Oleh karena itu, pedoman ini dikembangkan untuk menanggapi standar praktik, persyaratan persetujuan termaklum (informed consent), dan kepemilikan atas konten pada situs www.programpeduli.org. Pedoman ini mematuhi standar etika untuk fotografi dan kebijakan perlindungan anak dari donor utama Program Peduli, yaitu Pemerintah Australia, serta The Asia Foundation selaku mitra pengelola.

Situs Program Peduli dimoderasi oleh The Asia Foundation sebagai mitra pengelola Program Peduli.  Konten di dalam situs ini diambil terutama dari platform media sosial yang dikelola oleh The Asia Foundation atas nama Program Peduli, yaitu Facebook, Twitter, Instagram, dan YouTube.
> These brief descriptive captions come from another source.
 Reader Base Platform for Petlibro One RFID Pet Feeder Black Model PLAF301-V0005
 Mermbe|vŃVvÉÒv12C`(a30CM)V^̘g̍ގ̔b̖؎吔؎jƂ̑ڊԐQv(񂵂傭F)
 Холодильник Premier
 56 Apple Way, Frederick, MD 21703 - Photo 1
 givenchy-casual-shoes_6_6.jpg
Sebagian besar konten pada platform media sosial Program Peduli berasal dari mitra pelaksana dan bersifat menampilkan penerima manfaat program.
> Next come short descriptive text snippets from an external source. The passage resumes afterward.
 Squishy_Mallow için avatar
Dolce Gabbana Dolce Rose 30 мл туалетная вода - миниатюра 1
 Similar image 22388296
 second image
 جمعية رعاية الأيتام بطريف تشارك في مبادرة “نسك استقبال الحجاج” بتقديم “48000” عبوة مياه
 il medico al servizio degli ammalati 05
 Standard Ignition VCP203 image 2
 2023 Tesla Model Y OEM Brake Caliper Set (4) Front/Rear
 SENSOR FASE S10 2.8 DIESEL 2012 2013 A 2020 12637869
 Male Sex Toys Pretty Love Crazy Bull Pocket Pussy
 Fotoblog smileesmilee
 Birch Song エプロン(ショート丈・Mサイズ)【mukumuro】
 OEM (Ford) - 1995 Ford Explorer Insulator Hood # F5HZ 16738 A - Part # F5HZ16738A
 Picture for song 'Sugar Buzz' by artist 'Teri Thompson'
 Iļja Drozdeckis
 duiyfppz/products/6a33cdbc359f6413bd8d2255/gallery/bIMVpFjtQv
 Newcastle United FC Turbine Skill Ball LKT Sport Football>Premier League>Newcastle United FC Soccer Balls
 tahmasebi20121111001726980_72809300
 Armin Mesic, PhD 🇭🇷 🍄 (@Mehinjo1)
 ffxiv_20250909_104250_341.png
Program Peduli bekerja dengan kelompok rentan yang mengalami ekslusi sosial dari kesempatan ekonomi dan program pemerintah seperti PNPM.  Kelompok-kelompok tersebut sering menghadapi stigma dan diskriminasi setiap hari dalam lingkungannya. Situs Program Peduli akan menampilkan contoh inklusi sosial yang merepresentasikan anggota masyarakat (pihak yang tidak dieksklusi) berinteraksi secara positif dengan kelompok penerima manfaat (pihak yang dieksklusi). Foto-foto yang digunakan bersifat memberdayakan dan mempromosikan inklusi sosial sebagai perilaku positif. Semua foto dan cerita di dalam situs ini bertujuan untuk menegakkan dan melindungi hak, martabat, keselamatan, dan kesejahteraan orang-orang yang ditampilkan.

Persetujuan Termaklum

Persetujuan termaklum (informed consent) berarti bahwa orang yang diambil fotonya atau yang ceritanya disampaikan, mengetahui bahwa foto dan/atau ceritanya akan ditampilkan di media sosial atau media massa dan merasa nyaman dengan cara foto atau cerita tersebut disampaikan.
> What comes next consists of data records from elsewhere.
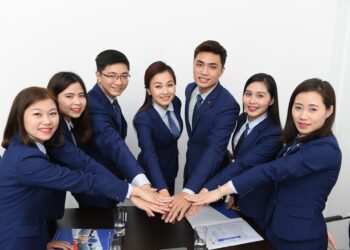 Employee-Value-Proposition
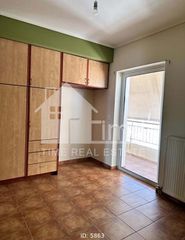 Διαμέρισμα 106 τ.μ. πρός ενοικίαση, Πειραιάς, Αγία Σοφία-thumb-8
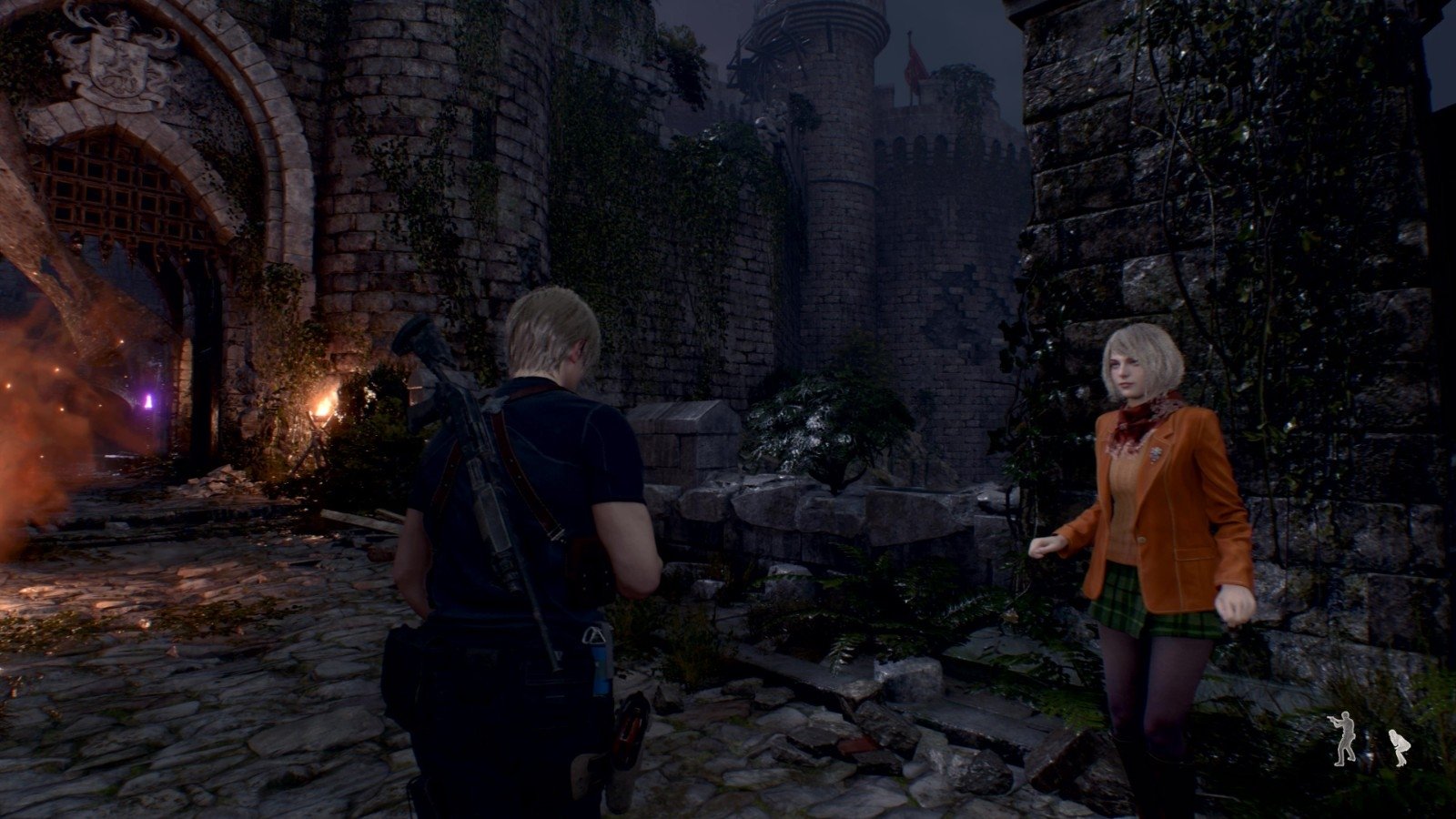 糖豆人：终极淘汰赛 年度版 截图17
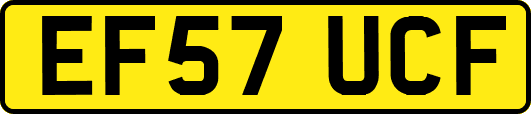EF57UCF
Dengan memperoleh persetujuan termaklum, kami menghormati otonomi dan privasi seseorang, serta memastikan bahwa orang tersebut memahami implikasi, tujuan, dan penggunaan potensial atas foto/ceritanya sehingga dapat mencegah kerugian terhadap orang tersebut melalui publikasi yang tidak sesuai. Setidaknya, orang yang foto atau ceritanya diambil harus mengetahui bahwa foto/ceritanya akan diterbitkan ulang di media sosial, yang selanjutnya dapat diambil dan disebarluaskan oleh media massa.

Kami berharap sebagian besar penerima manfaat program Program Peduli akan bergembira atas ditampilkannya foto/cerita mereka untuk mempromosikan inklusi sosial, terutama mengenai partisipasi dan dukungan mereka terhadap Program Peduli atas perubahan sosial yang terjadi.

Namun, ketika persetujuan diberikan, mitra pelaksana tetap diwajibkan untuk memikirkan secara mendalam implikasi potensial yang nantinya muncul dari semua foto/cerita yang diperoleh. Apabila mitra pelaksana memiliki keprihatinan terhadap orang atau kelompok yang tampil dalam suatu foto/cerita dan menganggap hal itu dapat menimbulkan risiko tindakan balasan, kekerasan, atau penolakan pada lingkungan akibat terungkapnya identitas mereka, mitra pelaksana berhak untuk memilih tidak mendokumentasikan cerita tersebut meskipun telah mendapatkan persetujuan termaklum.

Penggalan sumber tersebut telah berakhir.